Lead pass to Curry picked off, RJ saves to Curry, Knicks throw it around, Q hits.

Carter into the paint and drops a floater type shot.

Nets go zone.
Jamal attacks, can’t hit…
Kidd off to House, regathers, off the glass, Rj can’t finish.
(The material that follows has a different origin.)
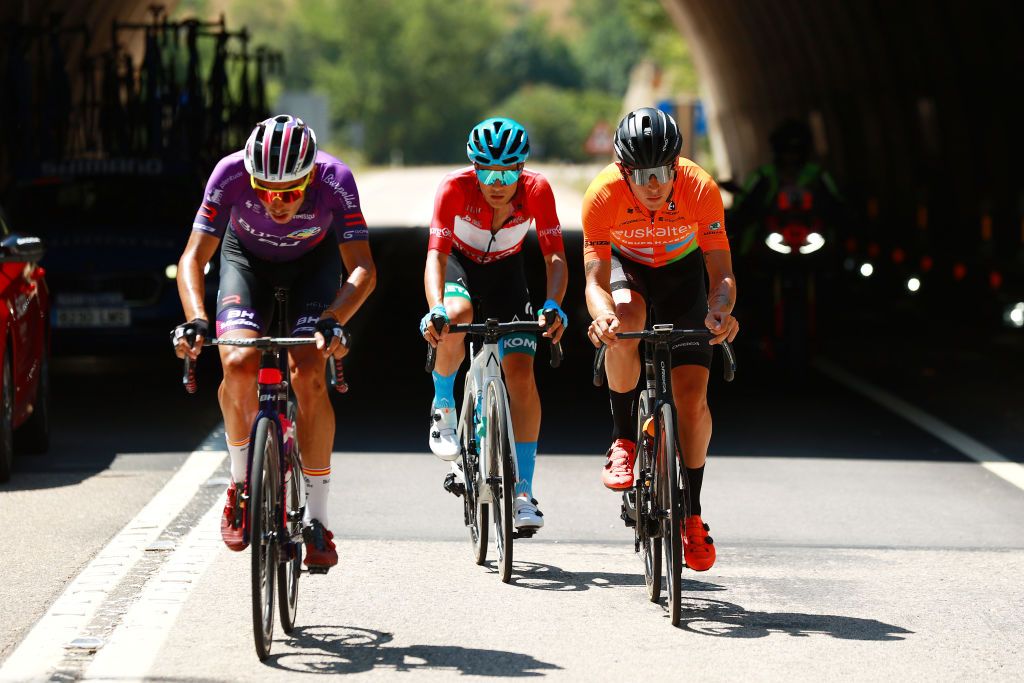 VILLADIEGO SPAIN AUGUST 03 LR Jess Ezquerra Muela of Spain and Team Burgos BH Diego Pablo Sevilla of Spain and EoloKometa Cycling Team Red Mountain Jersey and Xavier Mikel Azparren Irurzun of Spain and Team Euskaltel Euskadi compete in the breakaway during the 44th Vuelta a Burgos 2022a Stage 2 a 158km stage from Vivar del Cid to Villadiego on August 03 2022 in Villadiego Spain Photo by Gonzalo Arroyo MorenoGetty Images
Knicks throw it out of bounds all the way from the side out. LOL
Nets ball under the Knicks hoop now.
.7 to go.

-Petey


----------



## Petey (Aug 23, 2002)

Kidd inbounds to Carter... can't hit the 3.

Half, Nets up 6!
54-48!

Nets had lead but 12.
Kidd 13.
House and Carter w/ 10.

-Petey


----------



## jarkid (Jun 30, 2005)

VC is shooting the brick from Downtown tonight.


----------



## D-blockrep2 (Aug 16, 2006)

wtf was up with that fyre play?


----------



## JCB (Aug 9, 2005)

Aside from the T and that backboard pass, House has been playing well. This is exactly why we signed him.


----------



## GM3 (May 5, 2005)

Curry and Robinson have done a number on Curry, great job defensively.


----------



## jarkid (Jun 30, 2005)

go Nets. 2nd half is start


----------



## Petey (Aug 23, 2002)

To start the half, Kidd, Carter… Kidd, Moore, pass picked off. Curry called on the O3, Knicks 2nd!

Kidd bringing up!
Carter can’t hit, Q board.

Q brings up… to Marbury. Collins called fouling Curry away from the ball.

-Petey


----------



## jarkid (Jun 30, 2005)

Carter, you are better than that !


----------



## Petey (Aug 23, 2002)

Inside down to Curry, hits and fouled by RJ as he was late. Chance for 3.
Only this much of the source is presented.